I do not use that many functions but when I do I tend to use an anon function and some form of apply . I now however am trying to write a function that works over items in a list.

There are two lists that each have many items (by item I mean e.g. mylist1[1]). All items are dataframes. I want to take the first dataframe from mylist1 and the first dataframe from mylist2 and run a bunch of functions over the columns in those dataframes. Then take the 2nd mylist1 item and the 2nd mylist2 item and so on...

Below is the sort of thing I am used to writing but clearly does not work in this case with two lists.
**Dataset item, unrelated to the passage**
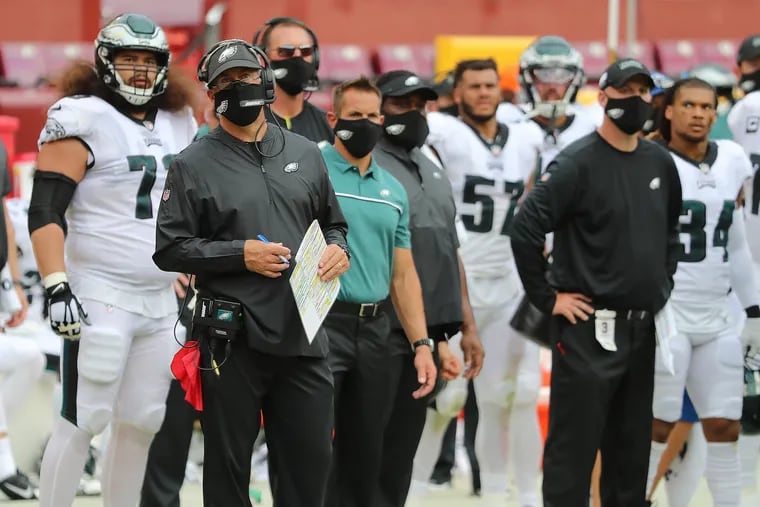 Eagles head coach Doug Pederson (left) on the sideline during the fourth quarter of Sunday's loss at Washington..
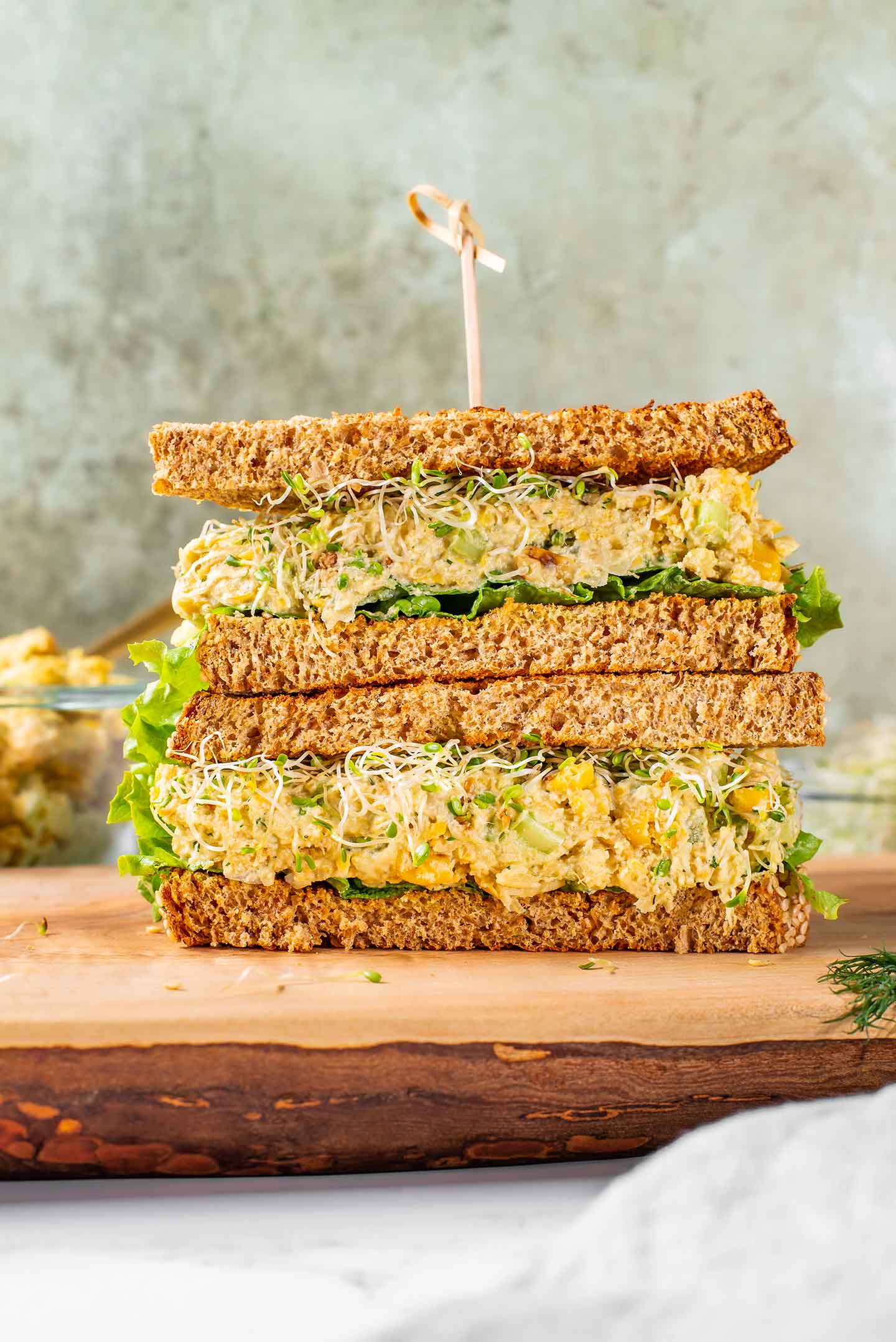 Side view of a sliced chickpea smash sandwich with charred corn. The sandwich halves are stacked on top of one another and filled with the creamy mixture.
Can anyone help me out with a fast way to figure out how I should approach this using something other than sapply method that seems to be causing the main problem.

a <- c(1:10)
b <- c(1:10)
z <- c(rep("x", 5), rep("y", 5))
df <- data.frame(cbind(a, b, z))
mylist1 <- split(df, z)
mylist2 <- split(df, z)

myfunction <- function(x, y) 
{

    a <- as.data.frame(x[1])
    b <- as.data.frame(y[1])
    meana <- mean(a[1])
    meanb <- mean(b[1])
    model <- lm(a[1]~b[1])
    return(c(model$coefficients[2], meana, meanb))
}

result <- sapply(mylist1, mylist2, myfunction)

I also just thought do people think it would be better to subset by z rather than split and do the function that way?

Это было полезно?

Решение

You are describing exactly the use case for mapply.

result <- mapply(myfunction,x=mylist,y=mylist2)

Unfortunately your example doesn't seem to enjoy being passed two data.frames (x, y 's first elements are both data.frames, which x[1] and y[1] would seem to contradict).